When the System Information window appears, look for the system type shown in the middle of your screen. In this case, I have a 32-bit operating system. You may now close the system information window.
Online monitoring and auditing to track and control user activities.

·····

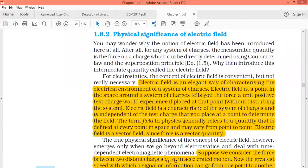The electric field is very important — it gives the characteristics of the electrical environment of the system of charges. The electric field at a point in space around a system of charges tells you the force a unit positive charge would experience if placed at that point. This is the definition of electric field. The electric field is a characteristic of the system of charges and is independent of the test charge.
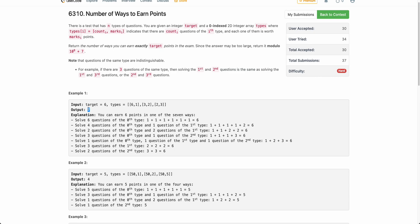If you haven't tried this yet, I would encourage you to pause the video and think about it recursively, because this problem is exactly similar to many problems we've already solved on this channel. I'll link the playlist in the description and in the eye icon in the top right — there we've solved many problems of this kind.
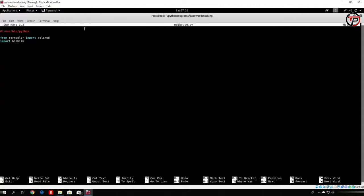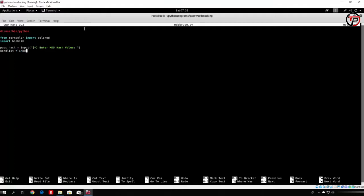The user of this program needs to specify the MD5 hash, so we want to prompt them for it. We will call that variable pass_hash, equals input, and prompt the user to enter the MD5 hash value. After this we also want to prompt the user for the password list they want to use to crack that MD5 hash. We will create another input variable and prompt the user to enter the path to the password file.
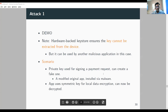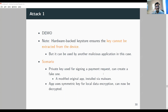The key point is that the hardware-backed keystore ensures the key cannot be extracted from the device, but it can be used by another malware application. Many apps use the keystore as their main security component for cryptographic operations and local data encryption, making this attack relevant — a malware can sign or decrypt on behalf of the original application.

·····

# [Exercise goal]
Leaving every picture aside, reproduce exactly the lines above from the one with "The user of" up to and including the one with "The key point", and no others.

# [Written response]
The user of this program needs to specify the MD5 hash, so we want to prompt them for it. We will call that variable pass_hash, equals input, and prompt the user to enter the MD5 hash value. After this we also want to prompt the user for the password list they want to use to crack that MD5 hash. We will create another input variable and prompt the user to enter the path to the password file.
The key point is that the hardware-backed keystore ensures the key cannot be extracted from the device, but it can be used by another malware application. Many apps use the keystore as their main security component for cryptographic operations and local data encryption, making this attack relevant — a malware can sign or decrypt on behalf of the original application.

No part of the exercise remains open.